TASK GOAL:
For this exercise, output the entries below exactly from the line that holds "GIVE THIS BOOK" to the line that holds "band drum GIF by South Park", both ends included. No pictures belong in the copy.

MATERIAL SUPPLIED:

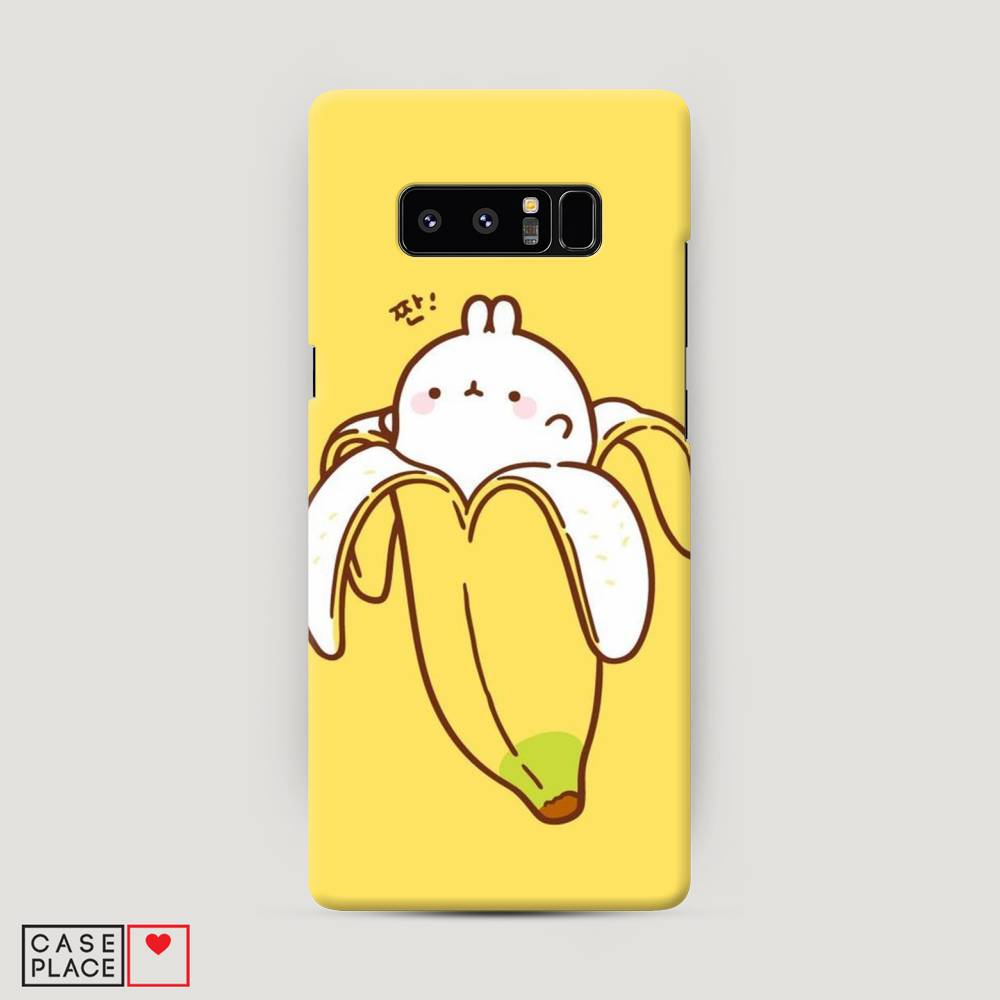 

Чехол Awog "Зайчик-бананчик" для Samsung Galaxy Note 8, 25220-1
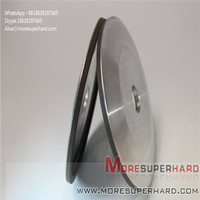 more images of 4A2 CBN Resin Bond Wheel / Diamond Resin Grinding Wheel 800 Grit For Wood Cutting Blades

---

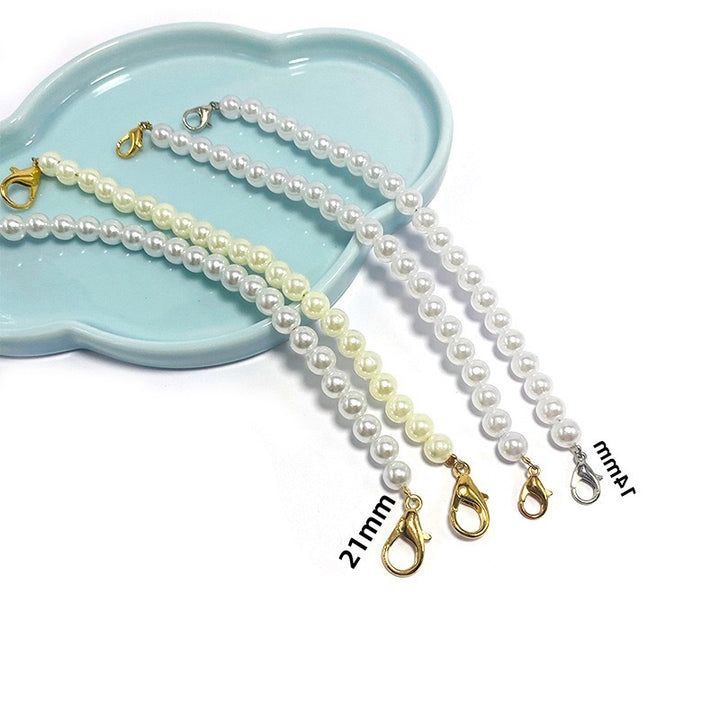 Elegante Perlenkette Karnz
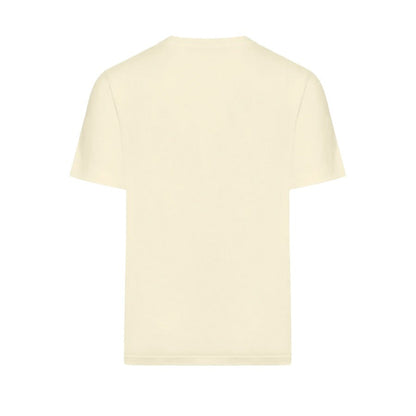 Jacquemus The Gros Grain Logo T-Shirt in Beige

* * *

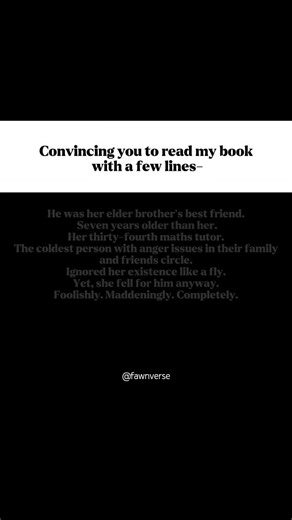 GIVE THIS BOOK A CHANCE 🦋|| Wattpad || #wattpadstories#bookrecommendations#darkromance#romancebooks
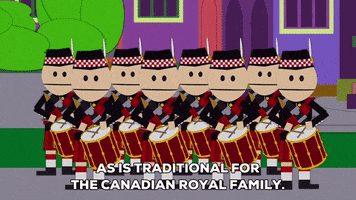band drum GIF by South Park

OUTPUT FOR THIS EXERCISE:
 GIVE THIS BOOK A CHANCE 🦋|| Wattpad || #wattpadstories#bookrecommendations#darkromance#romancebooks
band drum GIF by South Park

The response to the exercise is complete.